Prior to viewing the suspect images, the government agent knew a few things about them, notably that their PhotoDNA hash function values matched some PhotoDNA hash function values of known-bad NCMEC images. No concrete conclusions can be draw from that, however. It's enough to raise suspicion, and if I were the government agent I'd think it worth my time, even my responsibility, to investigate, but there is a process for this.
Opening and viewing the images confirmed the suspicion that one or more of the images contained a visual depiction of sexually explicit conduct involving a minor, but that is new information.
Seems like a search to me.
Seems like there are two ways to approach the question:
1) Encrypt all files uploaded to a server.
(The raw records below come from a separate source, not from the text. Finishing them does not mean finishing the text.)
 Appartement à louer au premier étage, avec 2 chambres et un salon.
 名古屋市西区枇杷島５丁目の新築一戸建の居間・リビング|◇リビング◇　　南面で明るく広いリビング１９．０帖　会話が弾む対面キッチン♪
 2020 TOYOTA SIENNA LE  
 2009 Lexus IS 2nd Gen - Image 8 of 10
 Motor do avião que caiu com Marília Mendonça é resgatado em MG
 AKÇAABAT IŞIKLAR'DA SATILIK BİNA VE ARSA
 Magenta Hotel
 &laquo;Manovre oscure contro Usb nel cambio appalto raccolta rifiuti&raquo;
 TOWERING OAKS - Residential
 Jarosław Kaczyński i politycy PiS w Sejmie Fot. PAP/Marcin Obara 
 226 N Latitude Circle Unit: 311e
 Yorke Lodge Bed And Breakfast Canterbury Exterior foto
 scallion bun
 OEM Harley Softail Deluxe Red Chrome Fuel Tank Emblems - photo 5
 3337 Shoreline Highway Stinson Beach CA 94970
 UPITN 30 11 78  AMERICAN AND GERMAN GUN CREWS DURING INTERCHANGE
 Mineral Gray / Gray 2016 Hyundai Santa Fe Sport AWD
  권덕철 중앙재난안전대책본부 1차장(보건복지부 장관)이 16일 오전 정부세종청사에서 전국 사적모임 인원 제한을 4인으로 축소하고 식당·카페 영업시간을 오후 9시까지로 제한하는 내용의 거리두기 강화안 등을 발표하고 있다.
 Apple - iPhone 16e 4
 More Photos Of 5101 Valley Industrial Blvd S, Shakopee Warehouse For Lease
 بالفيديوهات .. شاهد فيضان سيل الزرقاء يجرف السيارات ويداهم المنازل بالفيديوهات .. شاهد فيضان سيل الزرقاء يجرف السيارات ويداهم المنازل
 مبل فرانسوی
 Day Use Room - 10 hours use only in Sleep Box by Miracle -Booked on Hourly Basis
Better still, compress with password then encrypt. That should destroy any correlation between the uploaded file and a known "bad hombre."
2) When a third party's analytics show a possible correlation that they subsequently report to law enforcement (which, of course, they disclose in their ToCs) then LE can use a good faith reliance on that determination as probable cause to obtain a warrant to actually "place eyes" on the file in question.
Whether or not a 3rd party's search should be (as opposed to 'is') considered a violation of 4A privacy protections - assuming one actually believes there is a right to privacy - or a violation of one's rights to be secure in their effects from unreasonable searches is another question.
BTW, encryption and/or password protection should be sufficient to assert a reasonable expectation of privacy - again assuming that a right to privacy actually exists.
The right to privacy seem to mostly apply to bad cops hiding body cam recordings and personnel records
Can one embed a child pornography image into another image and extract it later? Would the hash then be detectable? That is, in effect, visual encryption. The crime would be decrypting and possessing the decrypted file rather than possessing the undecrpyted file, no?
I'm reminded of the figure-ground drawing of the beautiful young lady or old hag. Can adding a layer of ambiguation to child pornography render it "legal"?
This isn't encryption, it's steganography.
I don't know, I think I'd view steganography as just a particular branch of encryption.
Presumably, if you hid child porn in an innocent looking photo by steganography, the photo fingerprinting software here would report back the innocent photo.
The general rule here is to just remember that "the cloud" just means "other people's computers", and don't upload anything to the cloud you'd you'd object to everybody in the world seeing.
That's like saying horseback riding is a branch of canoeing. They have entirely different mathematical models :-/
How is it that the non-profit National Center for Missing & Exploited Children (NCMEC) can have the largest library of child pornography?